Forget the pyrotechnics of Hell's Kitchen. MasterChef is the toughest cookery challenge show on the box.
The ready, steady, cook round alone, where the contestants get 10 minutes to pick their ingredients and an hour to cook them into something edible, is intense enough to break the spirit of the most experienced kitchen devil.
And then there's the tricky taste test, the shift in a real, working restaurant kitchen, and finally, the make-or-break round where they have to cook, at their peril (or at least at the risk of ridicule by hilariously acerbic judges Gregg Wallace and John Torode), their signature dish.
But the celebrity version of MasterChef comes with an extra challenge for the viewer: Recognise the Celebrity. The only one I knew from the off last night was Olympic gold-winning javelin thrower Tessa Sanderson, and then only after briefly mistaking her for someone else, whose name I can't remember.
As for BBC Radio DJ Nihal Arthanayake? Nope. Brookside and Hollyoaks actress Alex Fletcher? Not a chance. Entrepreneur Richard Farleigh? You kidding? Neil Stuke, "star of Nineties cult series Game On"? Mmm . . . kind of. Vaguely. But not really.
Their obscurity aside, the celebs seem to be chosen as much for their potential ineptitude in the kitchen as anything else. "I originally started cooking because I had to eat," said Nihal.
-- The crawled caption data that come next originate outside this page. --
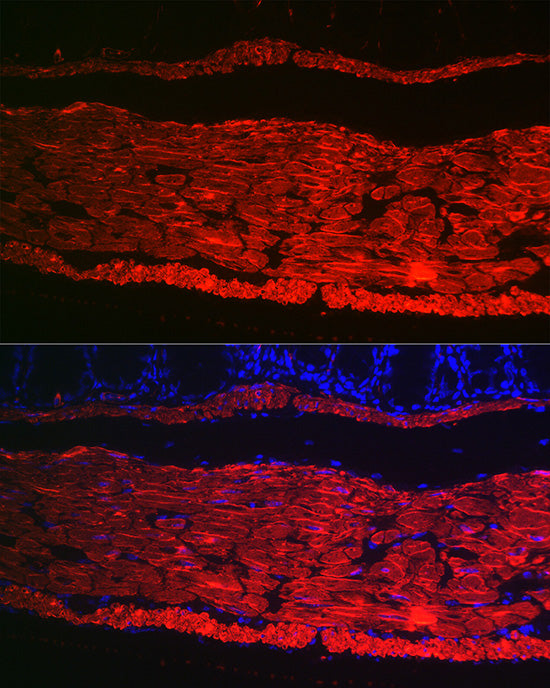 α-Smooth Muscle Actin (ACTA2) Rabbit pAb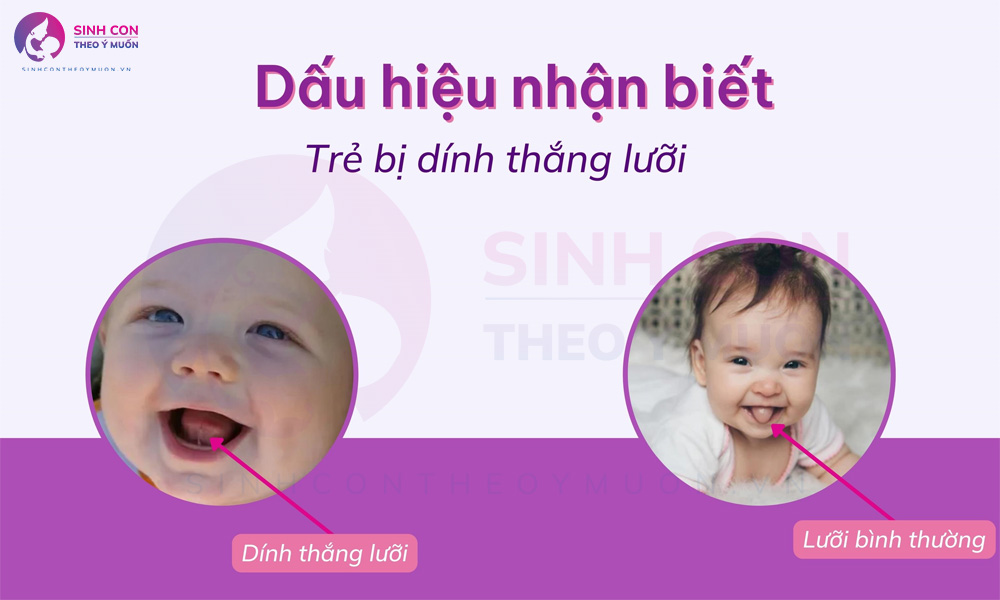 Dấu hiệu nhận biết dính thắng lưỡi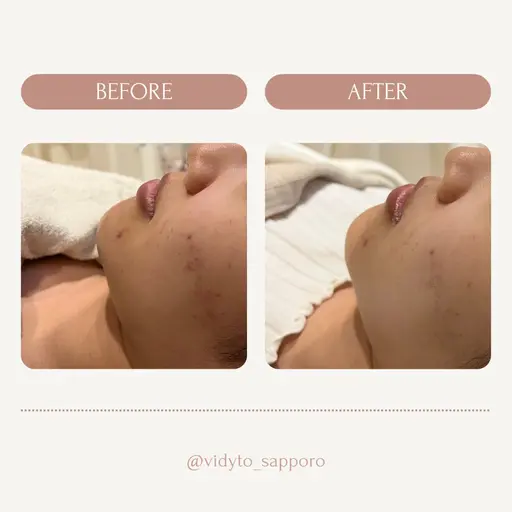 学割U24🫧韓国モデリングパック体験🫧周りに差をつけお肌を綺麗にっ♡ツヤ肌/美毛穴即体感✨【ニキビ/跡/毛穴】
Well, at least he's grasped the basics: hungry, cook food, eat food. Sounds a bit like a title for a cookery show on BBC3.
Richard revealed he'd only been cooking for three weeks . He proffered a bowl of vegetables he intended to shove in the oven.
"I don't know if that's something people do every day," he said to the judges. "Maybe you can tell me." Cue a raised eyebrow from Gregg Wallace, who looked as if he was about to tell Richard to shove his bowl somewhere else.
Poor Tessa, first in the door, was also first out. "We have big issues on this plate," said Wallace, balefully considering her finished meal. They sure did. Tessa's chicken was practically raw. Eat that and you'll never throw a javelin again.
The taste test, where the celebs had to recognise as many ingredients as they could in a mushroom and five-herb omelette, was even less promising. "It looks like it's got egg in it," said observant Alex, poking it with a fork.
Nihal was equally perceptive. "There are lots of little green bits in it," he said. "I've got lots of little green bits in my cupboard at home, but I don't know what they are."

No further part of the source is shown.